Transient hyperthermic shifts in body temperature have been linked to the endogenous hormone calcitonin gene-related peptide (CGRP), which can increase sympathetic activation and metabolic heat production. Recent studies have demonstrated that these centrally mediated responses may result from CGRP dependent changes in the activity of thermoregulatory neurons in the preoptic and anterior regions of the hypothalamus (POAH).
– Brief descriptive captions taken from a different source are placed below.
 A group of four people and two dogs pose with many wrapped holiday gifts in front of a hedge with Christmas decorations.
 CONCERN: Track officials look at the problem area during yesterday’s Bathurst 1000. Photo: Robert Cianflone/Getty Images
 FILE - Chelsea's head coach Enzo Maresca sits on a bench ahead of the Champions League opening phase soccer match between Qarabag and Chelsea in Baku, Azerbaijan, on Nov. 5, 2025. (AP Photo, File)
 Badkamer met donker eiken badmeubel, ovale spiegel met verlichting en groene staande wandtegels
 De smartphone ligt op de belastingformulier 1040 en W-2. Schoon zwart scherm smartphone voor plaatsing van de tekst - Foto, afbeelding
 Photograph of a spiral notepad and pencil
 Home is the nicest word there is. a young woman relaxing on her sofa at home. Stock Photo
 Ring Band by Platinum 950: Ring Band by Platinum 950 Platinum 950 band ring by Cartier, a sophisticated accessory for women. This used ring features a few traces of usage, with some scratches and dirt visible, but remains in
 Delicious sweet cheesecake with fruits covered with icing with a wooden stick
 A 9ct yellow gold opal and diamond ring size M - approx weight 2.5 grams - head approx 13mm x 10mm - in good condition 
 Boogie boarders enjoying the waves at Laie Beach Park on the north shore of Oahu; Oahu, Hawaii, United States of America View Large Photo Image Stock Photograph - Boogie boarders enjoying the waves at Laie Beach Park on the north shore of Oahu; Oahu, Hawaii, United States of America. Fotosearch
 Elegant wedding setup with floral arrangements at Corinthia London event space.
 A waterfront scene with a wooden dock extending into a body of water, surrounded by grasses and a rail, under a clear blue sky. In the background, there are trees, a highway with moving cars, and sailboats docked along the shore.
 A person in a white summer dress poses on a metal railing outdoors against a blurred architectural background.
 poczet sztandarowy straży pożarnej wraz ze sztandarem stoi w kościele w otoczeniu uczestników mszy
Using a tissue slice preparation, we recorded the single-unit activity of POAH neurons from the adult male rat, in response to temperature and CGRP (10 muM). Based on the slope of firing rate as a function of temperature, neurons were classified as either warm sensitive or temperature insensitive. All warm sensitive neurons responded to CGRP with a significant decrease in firing rate. While CGRP did not alter the firing rates of some temperature insensitive neurons, responsive neurons showed an increase in firing rate. With respect to current models of thermoregulatory control, these CGRP dependent changes in firing rate would result in hyperthermia. This suggests that both warm sensitive and temperature insensitive neurons in the POAH may play a role in producing this hyperthermic shift in temperature.